Nair Raunak Mohan, Maroo Anjli
Department of Internal medicine, Cleveland Clinic Fairview Hospital, 18101 Lorain Ave, Cleveland, OH 44111, USA.
Section of Cardiology, Cleveland Clinic Fairview Hospital, Cleveland, OH, USA.
Eur Heart J Case Rep. 2020 Oct 15;4(5):1-6. doi: 10.1093/ehjcr/ytaa360. eCollection 2020 Oct.
Patients with cancer often pose a unique challenge to anticoagulation, as they have a higher risk of bleeding and clotting than the general population. Patients with cancer and catheter-related intracardiac thrombus are a very specific subset of people who do not have specific recommendations guiding their treatment. This article aims to address the existing knowledge gaps in this scenario and provide a possible treatment approach for these patients.
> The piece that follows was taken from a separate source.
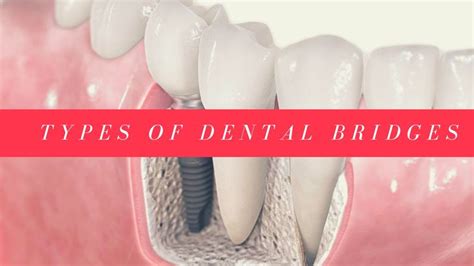 Types Of Dental Bridges :: Torontodentist | Dental bridge, Dental ...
We describe the case of a 46-year-old lady with invasive breast cancer, who was on chemotherapy through a central venous catheter and was found to have a right atrial thrombus on routine echocardiography. Due to the paucity of data in this scenario and because the patient requested an oral anticoagulant which did not need frequent monitoring, we started her on apixaban for a total of 3 months. Echocardiogram was repeated at 4 and 8 weeks. In the 8-week echocardiogram, the right atrial thrombus was no longer visualized.
Malignancy and central venous catheters significantly increase the risk of thrombosis. Although low molecular weight heparin is the preferred anticoagulant to manage thrombosis in patients with cancer, direct oral anticoagulants have been proven to be non-inferior. In patients with catheter-related intracardiac thrombus, anticoagulation should be continued for at least 3 months or until the catheter is removed, whichever is longer.
癌症患者在抗凝治疗方面往往面临独特挑战,因为他们比普通人群有更高的出血和凝血风险。患有癌症且伴有导管相关心内血栓的患者是一个非常特殊的亚组人群,目前尚无指导其治疗的具体建议。本文旨在填补这一情况下现有的知识空白,并为这些患者提供一种可能的治疗方法。
我们描述了一名46岁浸润性乳腺癌女性患者的病例,她通过中心静脉导管进行化疗,在常规超声心动图检查中发现右心房血栓。由于这种情况下数据匮乏,且患者要求使用一种无需频繁监测的口服抗凝剂,我们让她服用阿哌沙班共3个月。在4周和8周时重复进行超声心动图检查。在8周的超声心动图检查中,右心房血栓不再可见。
恶性肿瘤和中心静脉导管显著增加血栓形成风险。虽然低分子量肝素是治疗癌症患者血栓形成的首选抗凝剂,但直接口服抗凝剂已被证明并不逊色。对于伴有导管相关心内血栓的患者,抗凝治疗应持续至少3个月或直至导管拔除,以时间较长者为准。